(Susanna Porrino)
Se delle generazioni precedenti si tende a criticare l’eccessiva fissità e incapacità di muoversi al di fuori degli schemi tradizionali, la dimensione in cui i giovani di oggi si trovano a vivere è quella di una realtà “liquida” (secondo la celebre definizione del sociologo Zygmunt Bauman), in cui ogni aspetto dell’esistenza, e in modo particolare la componente relazionale (identità di genere, identità sessuale, conflitto tra il dover “apparire” e il voler “essere”) è messa davanti ad una sempre più varia e indefinita quantità di opzioni e scenari, che aumentano continuamente e che possono rappresentare di volta in volta una fonte di confusione o un mezzo per definire se stessi in modo rapido e stabile.
Ciò che mi viene più di frequente da chiedermi è se non sia in qualche modo sorta la tendenza a “normalizzare” e fissare in un’etichetta ogni momento e disagio del nostro sviluppo emotivo.

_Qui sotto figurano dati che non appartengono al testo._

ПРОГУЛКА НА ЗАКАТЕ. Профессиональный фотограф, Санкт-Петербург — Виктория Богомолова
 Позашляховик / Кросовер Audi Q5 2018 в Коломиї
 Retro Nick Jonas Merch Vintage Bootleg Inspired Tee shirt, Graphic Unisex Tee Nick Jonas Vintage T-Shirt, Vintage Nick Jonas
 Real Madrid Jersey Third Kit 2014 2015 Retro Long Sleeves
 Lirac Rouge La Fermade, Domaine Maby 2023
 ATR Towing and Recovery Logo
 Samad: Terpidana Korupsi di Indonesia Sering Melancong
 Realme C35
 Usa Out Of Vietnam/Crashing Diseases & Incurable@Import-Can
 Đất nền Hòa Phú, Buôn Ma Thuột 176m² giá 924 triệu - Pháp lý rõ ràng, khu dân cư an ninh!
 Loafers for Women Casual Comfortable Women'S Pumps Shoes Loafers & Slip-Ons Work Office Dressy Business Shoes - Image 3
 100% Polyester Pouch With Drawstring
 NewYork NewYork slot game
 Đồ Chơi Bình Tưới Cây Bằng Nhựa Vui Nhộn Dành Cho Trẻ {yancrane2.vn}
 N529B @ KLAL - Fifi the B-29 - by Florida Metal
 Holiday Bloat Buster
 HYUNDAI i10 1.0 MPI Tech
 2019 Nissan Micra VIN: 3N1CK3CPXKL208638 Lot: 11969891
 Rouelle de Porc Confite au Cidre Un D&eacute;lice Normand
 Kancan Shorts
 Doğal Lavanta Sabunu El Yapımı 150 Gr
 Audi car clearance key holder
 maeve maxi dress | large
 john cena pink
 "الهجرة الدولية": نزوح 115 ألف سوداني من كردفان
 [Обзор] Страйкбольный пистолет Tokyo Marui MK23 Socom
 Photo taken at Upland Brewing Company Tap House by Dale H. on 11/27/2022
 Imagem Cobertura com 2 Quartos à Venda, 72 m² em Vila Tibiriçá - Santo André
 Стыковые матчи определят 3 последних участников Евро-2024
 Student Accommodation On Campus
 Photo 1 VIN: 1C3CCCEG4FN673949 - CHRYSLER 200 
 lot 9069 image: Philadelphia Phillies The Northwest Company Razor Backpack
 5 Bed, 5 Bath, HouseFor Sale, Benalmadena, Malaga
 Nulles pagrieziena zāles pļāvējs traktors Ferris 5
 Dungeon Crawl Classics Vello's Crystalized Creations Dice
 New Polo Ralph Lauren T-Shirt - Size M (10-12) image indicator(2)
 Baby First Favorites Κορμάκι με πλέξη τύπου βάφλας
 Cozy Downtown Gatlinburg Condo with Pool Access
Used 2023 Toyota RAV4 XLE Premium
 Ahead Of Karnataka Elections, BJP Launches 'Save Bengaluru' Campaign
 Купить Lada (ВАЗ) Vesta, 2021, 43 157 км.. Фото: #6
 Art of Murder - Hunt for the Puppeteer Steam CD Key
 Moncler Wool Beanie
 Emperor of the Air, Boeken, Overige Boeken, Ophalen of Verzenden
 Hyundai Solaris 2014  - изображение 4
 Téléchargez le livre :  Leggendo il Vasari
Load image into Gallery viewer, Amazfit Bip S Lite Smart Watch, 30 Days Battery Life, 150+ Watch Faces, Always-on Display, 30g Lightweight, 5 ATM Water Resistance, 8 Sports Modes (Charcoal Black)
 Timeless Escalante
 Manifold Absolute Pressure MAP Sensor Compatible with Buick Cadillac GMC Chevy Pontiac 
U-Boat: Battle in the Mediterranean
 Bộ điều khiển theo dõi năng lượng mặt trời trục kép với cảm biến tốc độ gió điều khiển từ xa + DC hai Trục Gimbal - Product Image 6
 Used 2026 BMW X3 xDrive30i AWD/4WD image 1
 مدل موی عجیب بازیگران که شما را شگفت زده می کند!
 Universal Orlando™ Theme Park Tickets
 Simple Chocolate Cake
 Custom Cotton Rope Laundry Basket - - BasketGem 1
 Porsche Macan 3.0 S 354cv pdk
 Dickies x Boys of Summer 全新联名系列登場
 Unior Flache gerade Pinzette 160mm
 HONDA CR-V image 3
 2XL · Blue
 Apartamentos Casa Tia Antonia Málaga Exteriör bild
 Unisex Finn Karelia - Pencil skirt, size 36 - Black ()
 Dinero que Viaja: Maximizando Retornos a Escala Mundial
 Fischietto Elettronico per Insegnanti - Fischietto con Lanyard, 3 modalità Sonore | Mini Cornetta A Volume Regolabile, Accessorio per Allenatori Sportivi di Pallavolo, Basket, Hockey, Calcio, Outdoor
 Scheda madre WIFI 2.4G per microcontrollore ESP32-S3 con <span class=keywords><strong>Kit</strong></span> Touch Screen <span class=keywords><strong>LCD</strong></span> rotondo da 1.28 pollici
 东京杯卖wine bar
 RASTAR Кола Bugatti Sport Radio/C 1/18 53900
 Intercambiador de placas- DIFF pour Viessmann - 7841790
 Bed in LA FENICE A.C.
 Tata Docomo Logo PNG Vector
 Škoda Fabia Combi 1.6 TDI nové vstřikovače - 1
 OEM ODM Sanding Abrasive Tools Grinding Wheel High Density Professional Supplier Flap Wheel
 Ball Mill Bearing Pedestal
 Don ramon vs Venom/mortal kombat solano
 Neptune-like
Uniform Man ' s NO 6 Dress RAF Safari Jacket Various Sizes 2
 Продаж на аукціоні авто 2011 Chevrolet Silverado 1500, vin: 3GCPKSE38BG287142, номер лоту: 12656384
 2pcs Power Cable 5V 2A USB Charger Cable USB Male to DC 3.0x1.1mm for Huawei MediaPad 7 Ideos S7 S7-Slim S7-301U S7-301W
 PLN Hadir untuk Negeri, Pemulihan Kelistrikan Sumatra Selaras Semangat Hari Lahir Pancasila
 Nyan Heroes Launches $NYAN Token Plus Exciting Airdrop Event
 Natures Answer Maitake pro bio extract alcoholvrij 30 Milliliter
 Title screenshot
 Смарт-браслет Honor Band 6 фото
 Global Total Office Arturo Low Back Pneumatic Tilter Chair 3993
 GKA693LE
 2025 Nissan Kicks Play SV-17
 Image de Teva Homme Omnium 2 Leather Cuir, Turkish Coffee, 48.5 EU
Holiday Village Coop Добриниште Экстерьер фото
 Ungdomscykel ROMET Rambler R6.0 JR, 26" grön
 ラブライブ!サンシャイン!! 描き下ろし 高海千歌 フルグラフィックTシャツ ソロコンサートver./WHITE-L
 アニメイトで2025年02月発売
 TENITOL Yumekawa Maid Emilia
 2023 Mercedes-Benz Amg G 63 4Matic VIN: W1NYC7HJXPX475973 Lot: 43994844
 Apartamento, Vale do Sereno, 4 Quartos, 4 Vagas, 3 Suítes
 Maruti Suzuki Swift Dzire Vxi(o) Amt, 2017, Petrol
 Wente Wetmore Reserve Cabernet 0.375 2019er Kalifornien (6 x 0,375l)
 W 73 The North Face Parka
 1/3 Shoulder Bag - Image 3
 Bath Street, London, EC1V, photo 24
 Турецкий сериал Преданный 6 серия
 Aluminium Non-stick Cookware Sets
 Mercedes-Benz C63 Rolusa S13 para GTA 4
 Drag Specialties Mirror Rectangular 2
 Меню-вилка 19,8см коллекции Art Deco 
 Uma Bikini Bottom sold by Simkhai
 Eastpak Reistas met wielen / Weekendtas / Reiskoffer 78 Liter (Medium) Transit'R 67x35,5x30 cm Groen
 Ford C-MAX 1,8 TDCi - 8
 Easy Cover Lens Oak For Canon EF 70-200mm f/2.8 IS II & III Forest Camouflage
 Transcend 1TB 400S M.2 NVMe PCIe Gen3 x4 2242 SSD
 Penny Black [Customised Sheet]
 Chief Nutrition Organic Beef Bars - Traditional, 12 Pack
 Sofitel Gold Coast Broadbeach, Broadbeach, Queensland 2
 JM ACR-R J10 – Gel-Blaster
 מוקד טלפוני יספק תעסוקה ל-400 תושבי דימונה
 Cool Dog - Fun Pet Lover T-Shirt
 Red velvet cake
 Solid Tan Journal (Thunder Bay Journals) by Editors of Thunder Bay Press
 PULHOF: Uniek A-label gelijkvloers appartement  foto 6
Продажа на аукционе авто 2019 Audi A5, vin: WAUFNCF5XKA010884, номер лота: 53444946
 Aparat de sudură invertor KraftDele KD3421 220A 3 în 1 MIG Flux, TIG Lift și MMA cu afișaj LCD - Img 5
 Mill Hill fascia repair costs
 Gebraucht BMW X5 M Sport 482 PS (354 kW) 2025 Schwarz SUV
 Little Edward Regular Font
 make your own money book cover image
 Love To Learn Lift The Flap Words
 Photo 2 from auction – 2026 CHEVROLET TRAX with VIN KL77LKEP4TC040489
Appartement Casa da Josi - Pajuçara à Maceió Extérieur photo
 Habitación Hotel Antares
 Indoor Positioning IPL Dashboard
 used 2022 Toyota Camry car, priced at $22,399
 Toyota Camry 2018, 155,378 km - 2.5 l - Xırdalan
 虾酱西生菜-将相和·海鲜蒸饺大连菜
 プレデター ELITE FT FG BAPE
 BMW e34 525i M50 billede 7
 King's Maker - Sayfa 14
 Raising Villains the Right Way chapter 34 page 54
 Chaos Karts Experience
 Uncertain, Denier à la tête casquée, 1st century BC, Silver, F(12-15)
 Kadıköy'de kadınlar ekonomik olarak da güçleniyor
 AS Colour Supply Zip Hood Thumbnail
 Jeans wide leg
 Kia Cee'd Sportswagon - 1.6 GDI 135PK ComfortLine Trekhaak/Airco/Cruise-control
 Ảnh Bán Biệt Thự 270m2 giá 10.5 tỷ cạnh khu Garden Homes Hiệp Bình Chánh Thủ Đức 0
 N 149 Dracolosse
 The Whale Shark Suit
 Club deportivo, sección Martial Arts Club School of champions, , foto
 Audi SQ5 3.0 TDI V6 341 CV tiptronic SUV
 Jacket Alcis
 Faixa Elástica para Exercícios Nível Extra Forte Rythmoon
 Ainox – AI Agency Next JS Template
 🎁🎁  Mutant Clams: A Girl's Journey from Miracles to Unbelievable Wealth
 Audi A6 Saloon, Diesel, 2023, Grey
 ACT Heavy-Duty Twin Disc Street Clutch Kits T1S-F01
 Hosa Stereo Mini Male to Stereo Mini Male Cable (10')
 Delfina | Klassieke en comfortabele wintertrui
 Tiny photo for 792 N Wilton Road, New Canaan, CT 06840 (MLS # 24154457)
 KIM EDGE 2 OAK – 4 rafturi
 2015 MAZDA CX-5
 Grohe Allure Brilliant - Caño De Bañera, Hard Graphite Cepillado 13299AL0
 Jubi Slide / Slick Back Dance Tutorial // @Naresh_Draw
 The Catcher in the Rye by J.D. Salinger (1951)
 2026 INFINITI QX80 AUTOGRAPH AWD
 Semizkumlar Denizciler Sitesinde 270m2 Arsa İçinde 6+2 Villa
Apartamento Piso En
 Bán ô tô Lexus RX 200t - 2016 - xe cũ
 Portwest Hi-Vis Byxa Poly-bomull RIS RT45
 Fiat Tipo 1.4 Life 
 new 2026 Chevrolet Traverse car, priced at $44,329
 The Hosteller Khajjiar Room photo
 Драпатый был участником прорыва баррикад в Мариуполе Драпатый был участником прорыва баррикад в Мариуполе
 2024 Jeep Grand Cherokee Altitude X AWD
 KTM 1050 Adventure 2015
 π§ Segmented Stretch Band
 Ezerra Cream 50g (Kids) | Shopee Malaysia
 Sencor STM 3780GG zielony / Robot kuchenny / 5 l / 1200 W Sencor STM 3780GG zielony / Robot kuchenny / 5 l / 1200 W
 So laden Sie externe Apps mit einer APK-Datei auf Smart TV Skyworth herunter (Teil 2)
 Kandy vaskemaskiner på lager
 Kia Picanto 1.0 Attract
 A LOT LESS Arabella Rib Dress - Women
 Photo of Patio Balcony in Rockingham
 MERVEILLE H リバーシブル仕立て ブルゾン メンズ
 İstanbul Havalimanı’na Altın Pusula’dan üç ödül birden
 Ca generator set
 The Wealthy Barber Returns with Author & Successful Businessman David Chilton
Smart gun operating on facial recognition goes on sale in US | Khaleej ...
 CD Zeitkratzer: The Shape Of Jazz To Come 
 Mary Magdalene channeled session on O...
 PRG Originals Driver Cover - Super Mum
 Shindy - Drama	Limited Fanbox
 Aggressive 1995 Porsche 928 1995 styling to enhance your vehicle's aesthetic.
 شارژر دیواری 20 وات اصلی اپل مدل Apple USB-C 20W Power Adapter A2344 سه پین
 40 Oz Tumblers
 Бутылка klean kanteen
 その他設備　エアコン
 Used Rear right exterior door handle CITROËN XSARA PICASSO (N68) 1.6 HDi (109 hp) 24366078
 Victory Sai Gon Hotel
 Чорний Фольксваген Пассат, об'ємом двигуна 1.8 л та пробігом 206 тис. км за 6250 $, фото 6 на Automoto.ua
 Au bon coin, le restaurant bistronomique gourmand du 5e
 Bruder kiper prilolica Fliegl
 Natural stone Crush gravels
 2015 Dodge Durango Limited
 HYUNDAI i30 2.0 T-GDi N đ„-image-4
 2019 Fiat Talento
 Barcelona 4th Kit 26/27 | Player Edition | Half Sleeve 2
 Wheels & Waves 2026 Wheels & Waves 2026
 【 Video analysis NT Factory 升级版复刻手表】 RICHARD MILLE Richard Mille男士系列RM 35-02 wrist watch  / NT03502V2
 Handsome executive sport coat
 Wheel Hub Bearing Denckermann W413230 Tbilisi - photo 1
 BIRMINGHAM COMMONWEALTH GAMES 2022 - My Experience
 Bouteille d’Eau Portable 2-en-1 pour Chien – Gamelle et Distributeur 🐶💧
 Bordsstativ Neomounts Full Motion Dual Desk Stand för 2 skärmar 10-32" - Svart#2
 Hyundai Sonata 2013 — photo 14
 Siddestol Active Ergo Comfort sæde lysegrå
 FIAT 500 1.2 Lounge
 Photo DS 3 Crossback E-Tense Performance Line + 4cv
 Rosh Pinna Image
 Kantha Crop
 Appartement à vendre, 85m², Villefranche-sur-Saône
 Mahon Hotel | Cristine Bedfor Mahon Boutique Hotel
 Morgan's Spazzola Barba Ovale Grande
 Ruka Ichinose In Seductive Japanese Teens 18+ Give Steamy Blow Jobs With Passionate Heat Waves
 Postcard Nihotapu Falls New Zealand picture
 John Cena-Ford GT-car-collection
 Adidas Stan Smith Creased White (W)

Paradossalmente, l’idea che debba esistere una certa “fluidità” – sia nella definizione di sé, sia nella relazione con gli altri – è emersa parallelamente allo sviluppo di tutta una serie di categorie e termini tecnici entro cui incanalare tale fluidità.
Si tratta però di etichette che non tengono conto di quanto la nostra flessibilità (che esiste, e che certamente investe anche il campo delle relazioni) possa essere influenzata da una molteplicità di fattori non riconducibili ad un’unica ragione, e di cui spesso la componente fisica non è altro che l’estrema manifestazione.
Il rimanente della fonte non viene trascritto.